### What is expected
Return the whole listing unchanged. Drop the images.

### Data extract
§ §

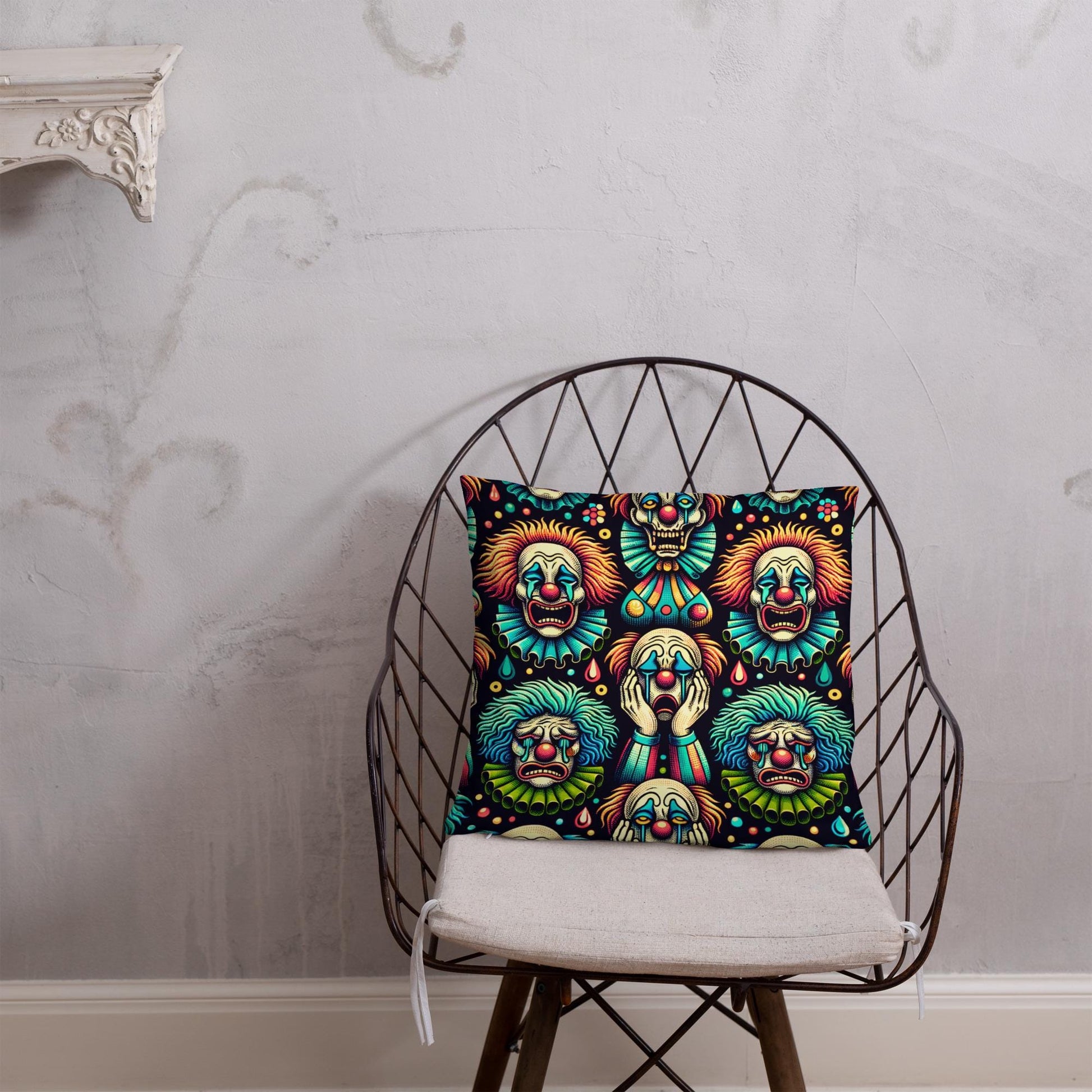 Weirdcore Crying Clowns Pattern Decorative Pillow Halloween Clowncore Goth Decor Throw Pillow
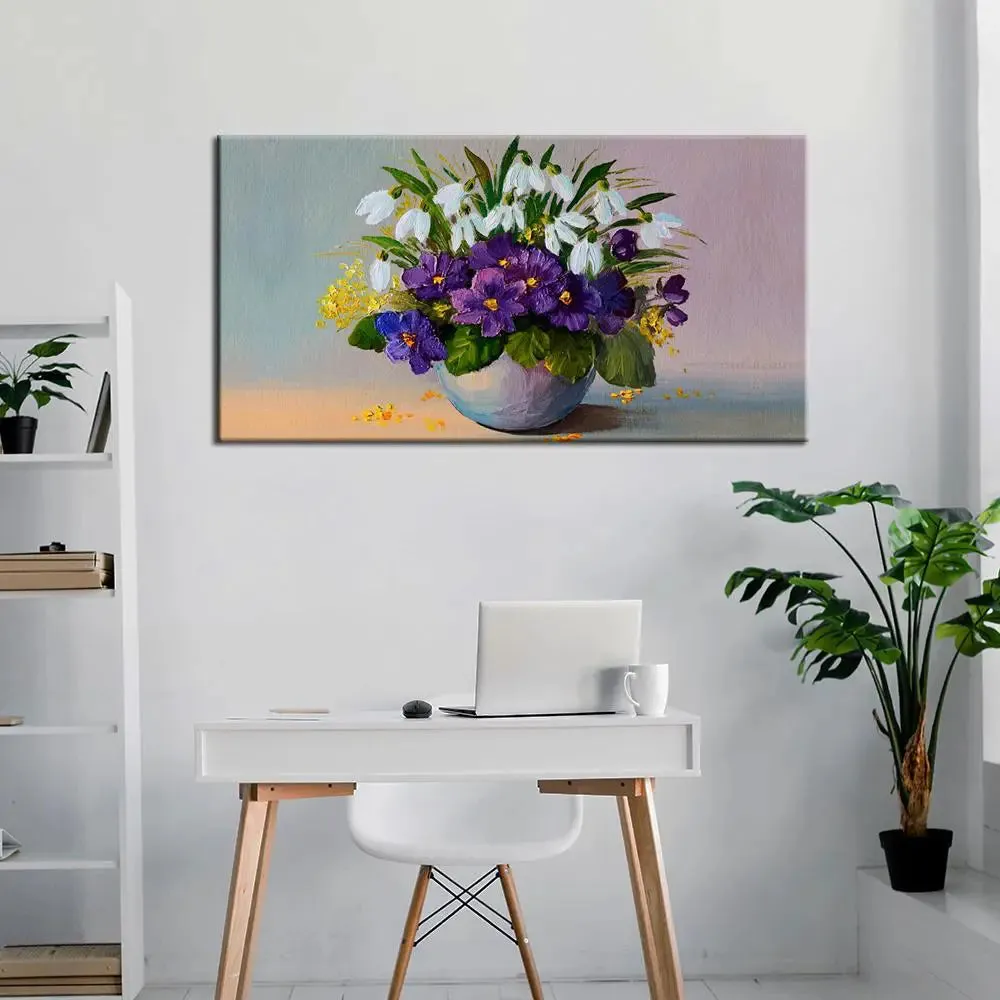 Big Panoramic A Bunch Of Flowers In A Vase Canvas Painting With Frame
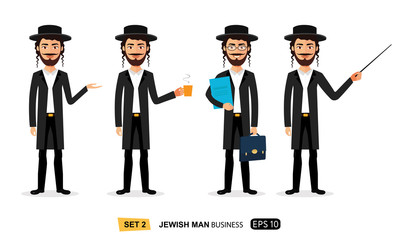 Jewish business men set enjoying cup coffee flat cartoon vector isolated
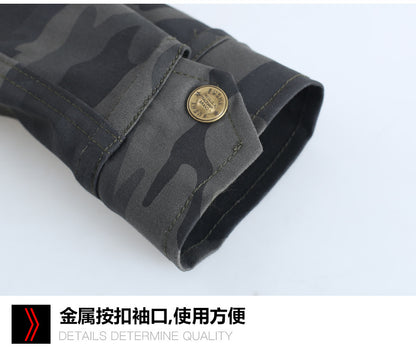 Spring and Autumn Military Training Camouflage Clothing, Breathable and Wear-Resistant Work Clothes, Tops and Pants, Auto Repair Construction Site Labor Protection Work Clothes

§ §

### Result of this exercise
 Weirdcore Crying Clowns Pattern Decorative Pillow Halloween Clowncore Goth Decor Throw Pillow
 Big Panoramic A Bunch Of Flowers In A Vase Canvas Painting With Frame
 Jewish business men set enjoying cup coffee flat cartoon vector isolated
 Spring and Autumn Military Training Camouflage Clothing, Breathable and Wear-Resistant Work Clothes, Tops and Pants, Auto Repair Construction Site Labor Protection Work Clothes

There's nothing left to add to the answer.